● **YOUR TASK**
Give a verbatim copy of the data, leaving the pictures out.

● **Data items**
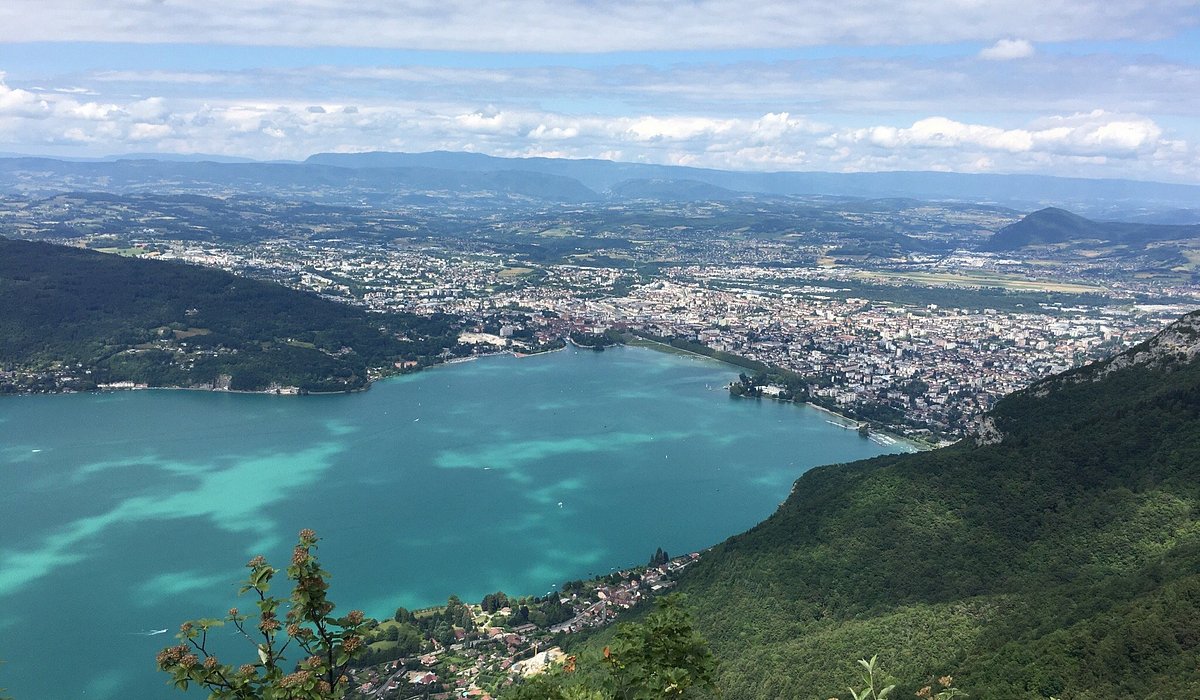 جولة بالقارب في بحيرة أنسي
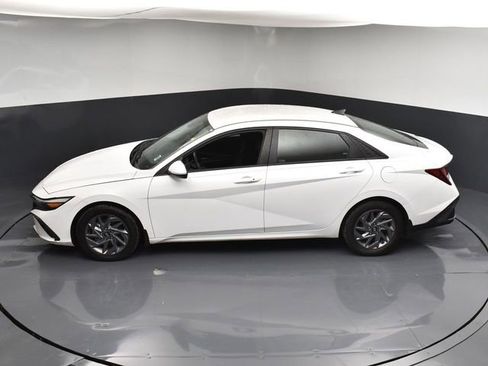 Used 2024 Hyundai Elantra SEL FWD image 42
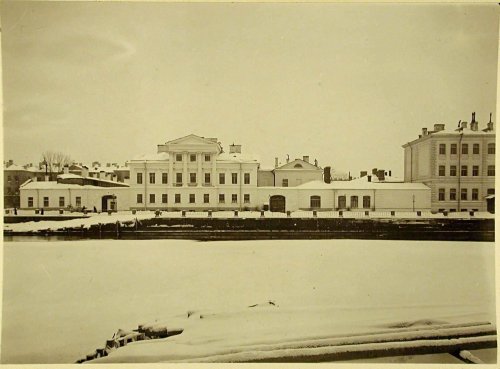 Общий вид здания Крестовоздвиженской общины сестер милосердия Российского общества Красного Креста и лечебницы для приходящих больных. Фото 1900 года
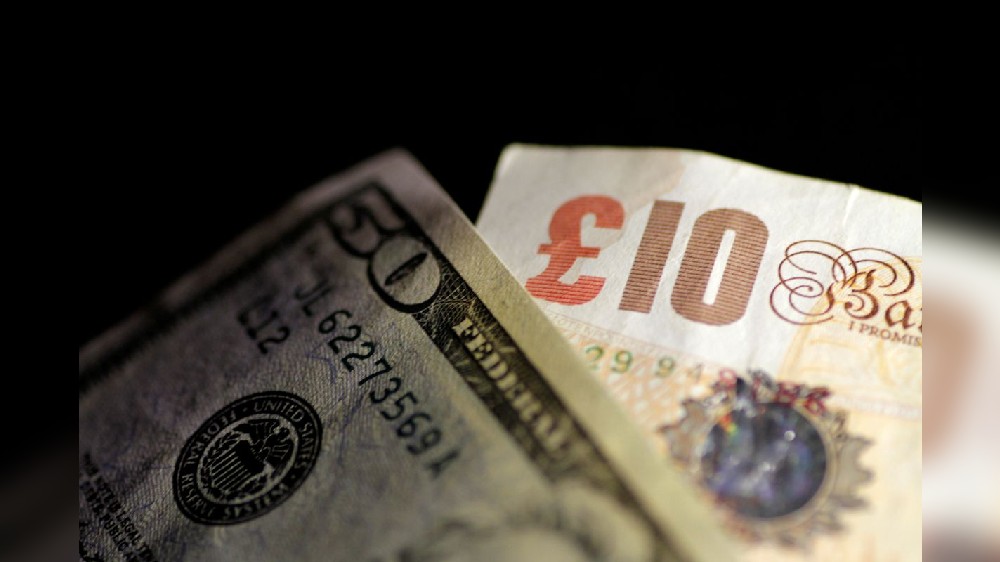 Sterling inches higher, heads for biggest quarterly gain since 2009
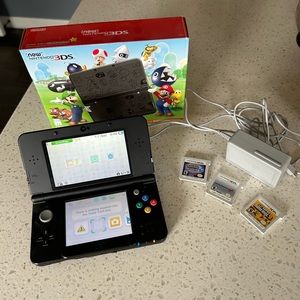 Nintendo Nintendo 3DS Super Mario Black Edition - Nintendo 3DS Console/Box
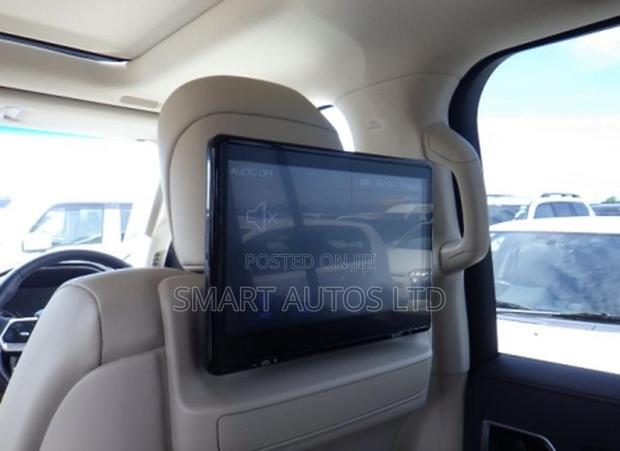 Toyota Land Cruiser LC300 2023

● **WRITTEN ANSWER**
 جولة بالقارب في بحيرة أنسي
 Used 2024 Hyundai Elantra SEL FWD image 42
 Общий вид здания Крестовоздвиженской общины сестер милосердия Российского общества Красного Креста и лечебницы для приходящих больных. Фото 1900 года
 Sterling inches higher, heads for biggest quarterly gain since 2009
 Nintendo Nintendo 3DS Super Mario Black Edition - Nintendo 3DS Console/Box
 Toyota Land Cruiser LC300 2023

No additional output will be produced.